Local access to production is vital

Resident expresses concern about changes to federal marijuana rules

The day is fast approaching when new federal government regulations covering the production and sale of cannabis will be implemented.

Commercial growers will be permitted to grow, package and send by secure mail certain amounts of dried cannabis to patients who have a prescription for the product from a physician.

Under the legislation, B.C. is favoured by the federal government. It is the only province in the country whose residents will be permitted to make other products such as resin or hash from the dried cannabis.

But it appears that no one at the federal level has acknowledged that many users of medicinal cannabis do not smoke or inhale it.

Instead, they need access to processed products including cannabis oil, juice and ointment. Very few patients know how to process or distil cannabis themselves.

And how do such patients gain access to these processed items?

At the moment, they do so at dispensaries here in Vernon, such as the Herbal Health Centre and the Be Kind organization.
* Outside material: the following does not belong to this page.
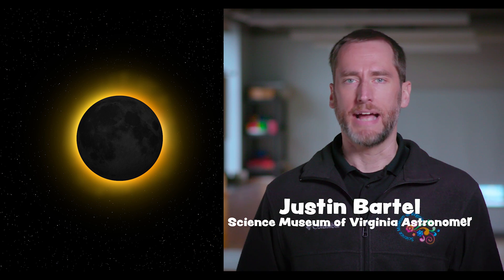On Monday, April 8th, 2024, there will be a solar eclipse. That means the moon will pass directly in front of the sun from our point of view. In Virginia, we can look forward to a partial eclipse.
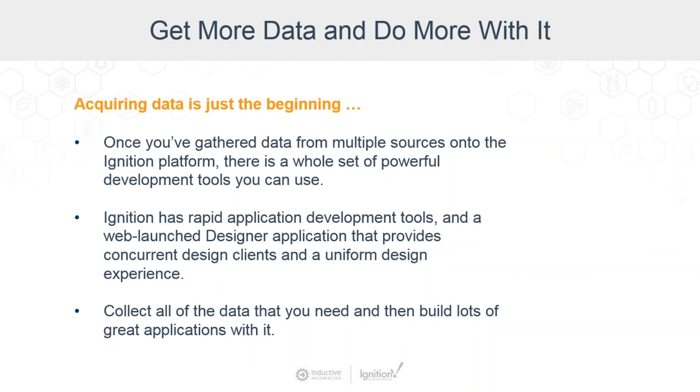Ignition has rapid application development tools. It has a web-launch designer application that provides concurrent design clients and a uniform design experience.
But after April 2014 (when the new federal regulations are to be implemented), what will patients do?  Where will they go?

The pharmacists are certainly not willing to help them.

They heaved a collective sigh of relief when then-health minister Leona Aglukkaq announced earlier this year that the new regulations would not require or allow for pharmacists to dispense medicinal cannabis.

So, will patients, whose use of cannabis has stabilized their condition, eased their pain, reduced their spasms, or given them hope where there was no hope before, and rely on a local dispensary today, then be expected to create their own oil, juice or ointment, after opening a package containing dried cannabis sent to them by a qualified commercial grower?

I hope not.

If today’s legal users of medicinal cannabis wish to continue to have stress-free access to it, they have to let government and society at every level know that it is imperative that such dispensaries be permitted to continue to operate.

So contact your local mayor and members of council; phone the RDNO; write to B.C. Health Minister Terry Lake at hlth.minister@gov.bc.ca; or contact federal Health Minister Rona Ambrose at www.hc-sc.gc.ca/contact/ahc-asc/minist-eng.php

Speak to Colin Mayes or to Eric Foster. Contact anyone or any organization willing to help you air your concerns.

Local access to medicinal cannabis products is vital to the health of thousands of Canadians.